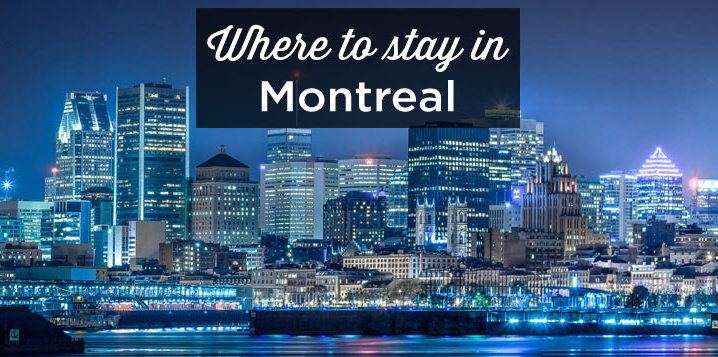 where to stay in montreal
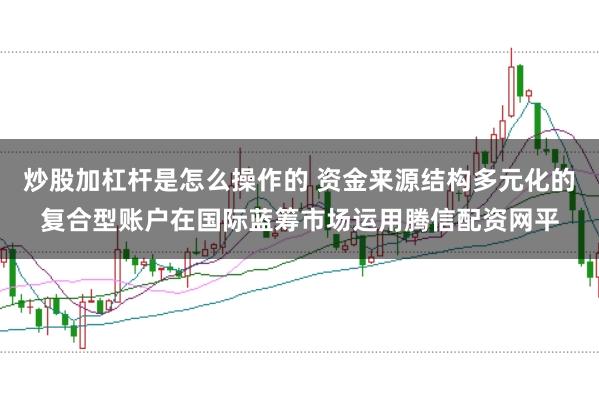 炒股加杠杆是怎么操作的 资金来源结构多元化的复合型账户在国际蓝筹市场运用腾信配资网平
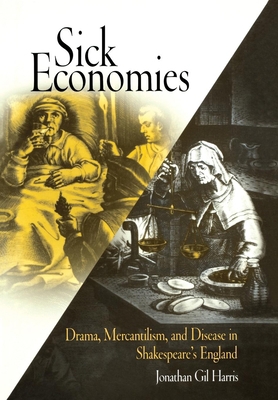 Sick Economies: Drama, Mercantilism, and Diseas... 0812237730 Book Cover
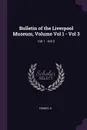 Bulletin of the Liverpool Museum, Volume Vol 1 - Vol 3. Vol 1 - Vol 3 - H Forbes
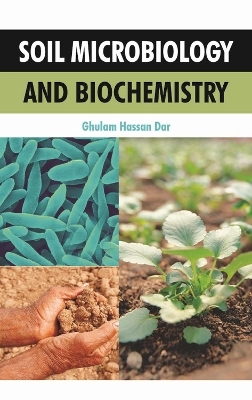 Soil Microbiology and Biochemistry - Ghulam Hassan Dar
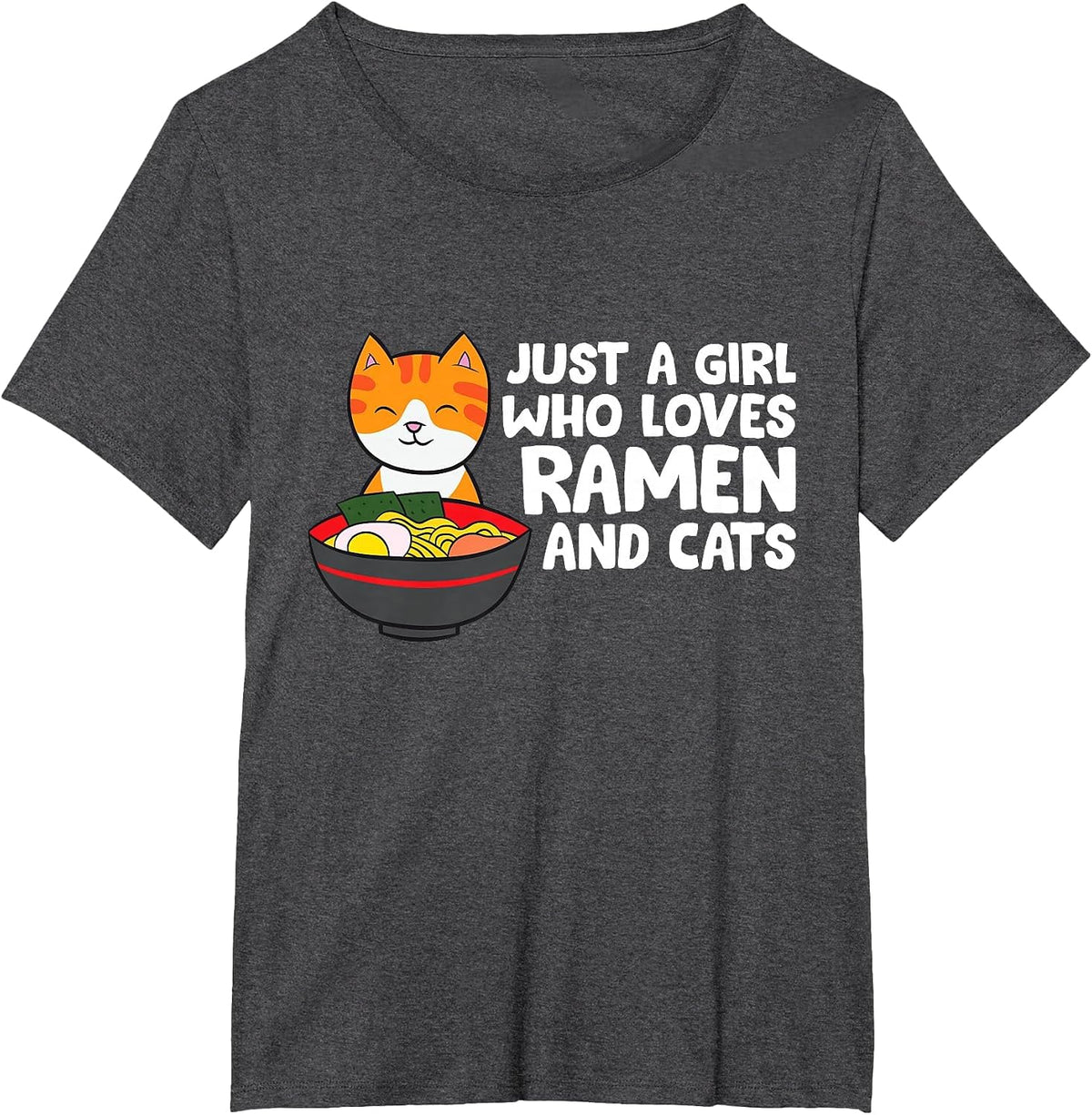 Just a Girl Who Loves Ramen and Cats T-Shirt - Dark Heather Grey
★ ★ ★ ★ ★ ★ ★
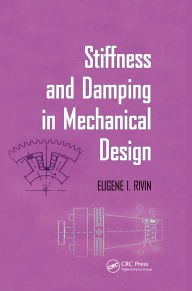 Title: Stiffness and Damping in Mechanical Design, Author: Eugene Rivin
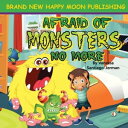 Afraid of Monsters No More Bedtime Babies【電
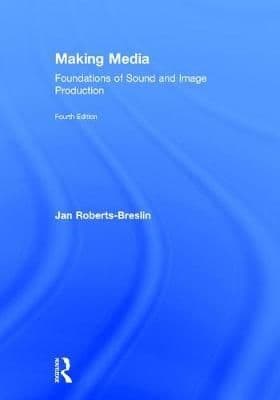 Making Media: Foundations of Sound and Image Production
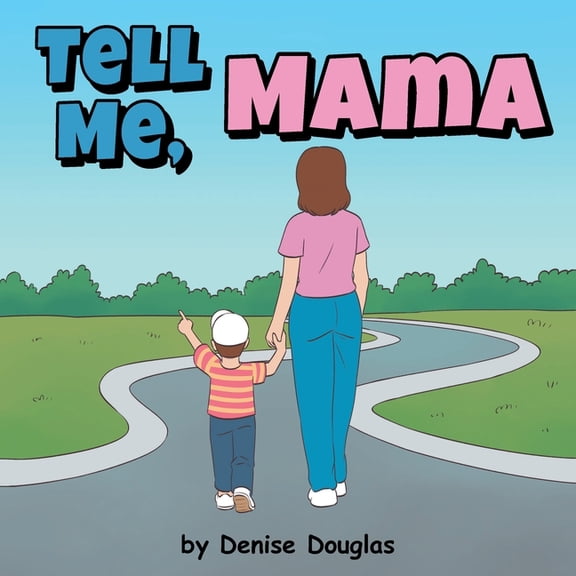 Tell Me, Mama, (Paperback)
★ ★ ★ ★ ★ ★ ★
#### TASK TO CARRY OUT
Please return the material above only from the line that holds "炒股加杠杆是怎么操作的 资金" through the line that holds "Just a Girl", exactly as it stands, ends included and pictures omitted.

#### EXERCISE SOLUTION
 炒股加杠杆是怎么操作的 资金来源结构多元化的复合型账户在国际蓝筹市场运用腾信配资网平
 Sick Economies: Drama, Mercantilism, and Diseas... 0812237730 Book Cover
 Bulletin of the Liverpool Museum, Volume Vol 1 - Vol 3. Vol 1 - Vol 3 - H Forbes
 Soil Microbiology and Biochemistry - Ghulam Hassan Dar
 Just a Girl Who Loves Ramen and Cats T-Shirt - Dark Heather Grey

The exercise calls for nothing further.